Each record in the listing below is to be duplicated exactly.

▶ [SUPPLIED DATA]:
----

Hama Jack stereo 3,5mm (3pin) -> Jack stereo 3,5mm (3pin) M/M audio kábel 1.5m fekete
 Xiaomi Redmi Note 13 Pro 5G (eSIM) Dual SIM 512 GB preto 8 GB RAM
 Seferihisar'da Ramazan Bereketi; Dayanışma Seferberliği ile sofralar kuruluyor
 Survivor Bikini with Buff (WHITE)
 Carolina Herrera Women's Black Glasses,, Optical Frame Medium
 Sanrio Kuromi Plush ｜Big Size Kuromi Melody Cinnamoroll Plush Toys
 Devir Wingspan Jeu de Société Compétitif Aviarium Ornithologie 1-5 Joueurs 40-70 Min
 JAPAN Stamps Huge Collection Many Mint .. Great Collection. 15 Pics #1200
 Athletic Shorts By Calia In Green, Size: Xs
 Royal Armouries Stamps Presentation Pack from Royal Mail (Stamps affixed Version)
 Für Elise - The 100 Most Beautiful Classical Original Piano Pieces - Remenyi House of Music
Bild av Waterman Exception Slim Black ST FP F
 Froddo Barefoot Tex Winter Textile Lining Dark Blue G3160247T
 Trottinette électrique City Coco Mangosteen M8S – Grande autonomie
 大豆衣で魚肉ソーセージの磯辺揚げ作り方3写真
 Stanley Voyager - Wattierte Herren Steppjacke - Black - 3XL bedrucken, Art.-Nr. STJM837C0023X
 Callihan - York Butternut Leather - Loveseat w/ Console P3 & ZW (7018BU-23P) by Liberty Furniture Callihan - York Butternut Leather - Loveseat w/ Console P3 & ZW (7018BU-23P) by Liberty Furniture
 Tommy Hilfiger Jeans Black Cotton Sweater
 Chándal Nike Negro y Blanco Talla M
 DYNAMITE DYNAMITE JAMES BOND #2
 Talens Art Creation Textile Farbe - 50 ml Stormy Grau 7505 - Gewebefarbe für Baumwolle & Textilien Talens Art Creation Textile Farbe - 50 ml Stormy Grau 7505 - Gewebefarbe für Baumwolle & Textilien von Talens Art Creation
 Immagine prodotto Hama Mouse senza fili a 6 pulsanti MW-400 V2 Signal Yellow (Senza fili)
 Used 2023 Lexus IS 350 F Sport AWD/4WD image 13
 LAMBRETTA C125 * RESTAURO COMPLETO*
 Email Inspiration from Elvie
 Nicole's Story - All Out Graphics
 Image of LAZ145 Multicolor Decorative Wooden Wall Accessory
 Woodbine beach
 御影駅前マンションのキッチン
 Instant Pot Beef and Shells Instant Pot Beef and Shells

----

▶ [RESULT BELOW]:
Hama Jack stereo 3,5mm (3pin) -> Jack stereo 3,5mm (3pin) M/M audio kábel 1.5m fekete
 Xiaomi Redmi Note 13 Pro 5G (eSIM) Dual SIM 512 GB preto 8 GB RAM
 Seferihisar'da Ramazan Bereketi; Dayanışma Seferberliği ile sofralar kuruluyor
 Survivor Bikini with Buff (WHITE)
 Carolina Herrera Women's Black Glasses,, Optical Frame Medium
 Sanrio Kuromi Plush ｜Big Size Kuromi Melody Cinnamoroll Plush Toys
 Devir Wingspan Jeu de Société Compétitif Aviarium Ornithologie 1-5 Joueurs 40-70 Min
 JAPAN Stamps Huge Collection Many Mint .. Great Collection. 15 Pics #1200
 Athletic Shorts By Calia In Green, Size: Xs
 Royal Armouries Stamps Presentation Pack from Royal Mail (Stamps affixed Version)
 Für Elise - The 100 Most Beautiful Classical Original Piano Pieces - Remenyi House of Music
Bild av Waterman Exception Slim Black ST FP F
 Froddo Barefoot Tex Winter Textile Lining Dark Blue G3160247T
 Trottinette électrique City Coco Mangosteen M8S – Grande autonomie
 大豆衣で魚肉ソーセージの磯辺揚げ作り方3写真
 Stanley Voyager - Wattierte Herren Steppjacke - Black - 3XL bedrucken, Art.-Nr. STJM837C0023X
 Callihan - York Butternut Leather - Loveseat w/ Console P3 & ZW (7018BU-23P) by Liberty Furniture Callihan - York Butternut Leather - Loveseat w/ Console P3 & ZW (7018BU-23P) by Liberty Furniture
 Tommy Hilfiger Jeans Black Cotton Sweater
 Chándal Nike Negro y Blanco Talla M
 DYNAMITE DYNAMITE JAMES BOND #2
 Talens Art Creation Textile Farbe - 50 ml Stormy Grau 7505 - Gewebefarbe für Baumwolle & Textilien Talens Art Creation Textile Farbe - 50 ml Stormy Grau 7505 - Gewebefarbe für Baumwolle & Textilien von Talens Art Creation
 Immagine prodotto Hama Mouse senza fili a 6 pulsanti MW-400 V2 Signal Yellow (Senza fili)
 Used 2023 Lexus IS 350 F Sport AWD/4WD image 13
 LAMBRETTA C125 * RESTAURO COMPLETO*
 Email Inspiration from Elvie
 Nicole's Story - All Out Graphics
 Image of LAZ145 Multicolor Decorative Wooden Wall Accessory
 Woodbine beach
 御影駅前マンションのキッチン
 Instant Pot Beef and Shells Instant Pot Beef and Shells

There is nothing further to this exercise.